Comment by mananaysiempre
1 year ago
More of a knock against C than C++, seeing as today’s C++ tends to prefer `string_view`s or at worst iterator pairs, neither of which use null-termination. (Saying that as someone who prefers C to C++ and avoids Rust exactly because of “better C++” vibes—I don’t want a better version of C++, if anything I want a much much simpler one that’s worse at some things.)
That said, I don’t see why it wouldn’t be possible to cram in 24 bytes of null-terminated payload (so 23 useful ones, the best you could hope for with null termination) into the same structure the same way by storing the compact version with null termination and ensuring the last byte is also always zero. For extra style points, define the last byte to be 24 minus payload length instead so you don’t need to recompute the length in the inline case.

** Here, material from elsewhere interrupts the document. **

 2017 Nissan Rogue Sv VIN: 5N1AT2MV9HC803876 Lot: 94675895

To be clear: none of this makes null termination not dumb.
> That said, I don’t see why it wouldn’t be possible to cram in 24 bytes of null-terminated payload (so 23 useful ones, the best you could hope for with null termination) into the same structure the same way by storing the compact version with null termination and ensuring the last byte is also always zero.

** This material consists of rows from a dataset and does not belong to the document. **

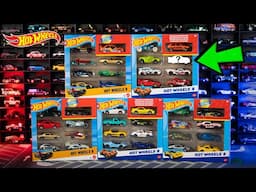 Unboxing Hot Wheels 8 Packs - Exclusive Cars + Error Car!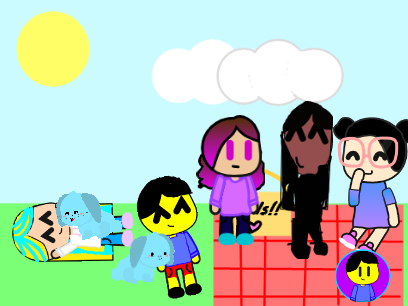 Adicione-se no parque comigo!!(Especial +100 raposinhas) remix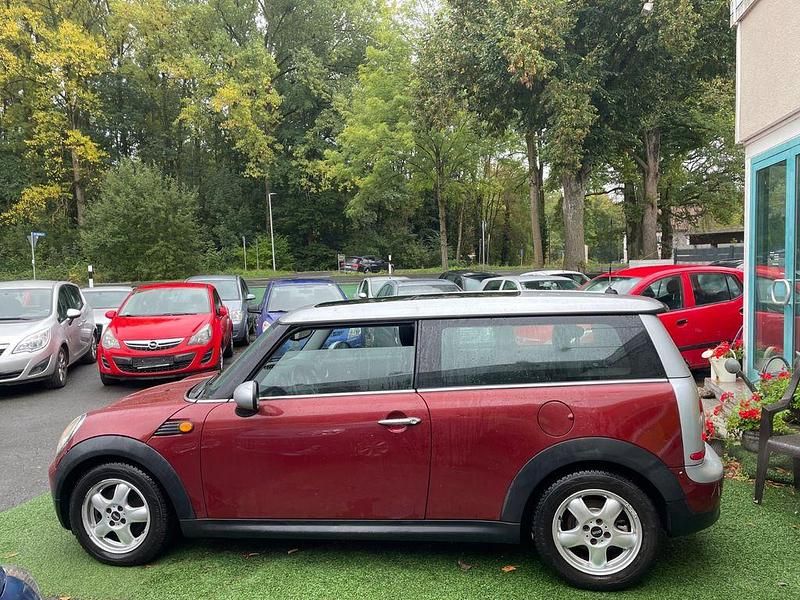 Gebraucht Mini Cooper 120 PS (88 kW) 2008 Rot Kleinwagen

I want to say libc++ and maybe MSVC do something along those lines in their std::string implementations.
> For extra style points, define the last byte to be 24 minus payload length instead so you don’t need to recompute the length in the inline case.
IIRC Facebook's FBString from Folly does (did?) that?
> I want to say libc++ and maybe MSVC do something along those lines in their std::string implementations.
Here's Raymond Chen on this topic earlier this same year. As a bonus since you're looking at this in August it's more or less correct now, whereas when it was published it had numerous serious errors. Whether the standard library implementation of such an important type should be so complicated that an expert makes numerous errors is another question...
https://devblogs.microsoft.com/oldnewthing/20240510-00/?p=10...
So, libc++ gets closest, 1 flag byte + 22 bytes of text + 1 byte of ASCII NUL = 24 bytes
The others are much worse, larger (32 bytes on modern computers) yet with lower SSO capacity (15 bytes of text).
Huh, I thought MSVC had a libc++-style SSO implementation. Now I have to wonder where I got that mistaken impression :(
> That said, I don’t see why it wouldn’t be possible to cram in 24 bytes of null-terminated payload
Note that I didn't say this is impossible, just that the given trick wouldn't work.
However, this is impossible for general strings. The only way could possibly make this work is if you constrain the inline string somehow (e.g., to UTF-8), so that some shorter strings failing that constraint are forced to go on the heap too. Otherwise you have 1 fixed zero byte at the end, and 23 fully flexible bytes, leaving you no way to represent an out-of-line string.
(Well, you could do it if you use the address as a key into some static map or such where you shove the real data, but that's cheating and beside the point here.)
Think that through again. An inline string needs a fixed 0 byte at the end. A heap string does not. Therefore if the last byte is anything other than 0 you have a heap string.
Inline strings only use 0.4% of your possible values.
Oof, you're right, thank you. In my mind the last byte was obviously zero for a heap string too, since the pointer or sizes would've had a zero upper byte. Somehow I never accounted for the fact that on 64-bit there's no need to represent it that way. Fantastic point!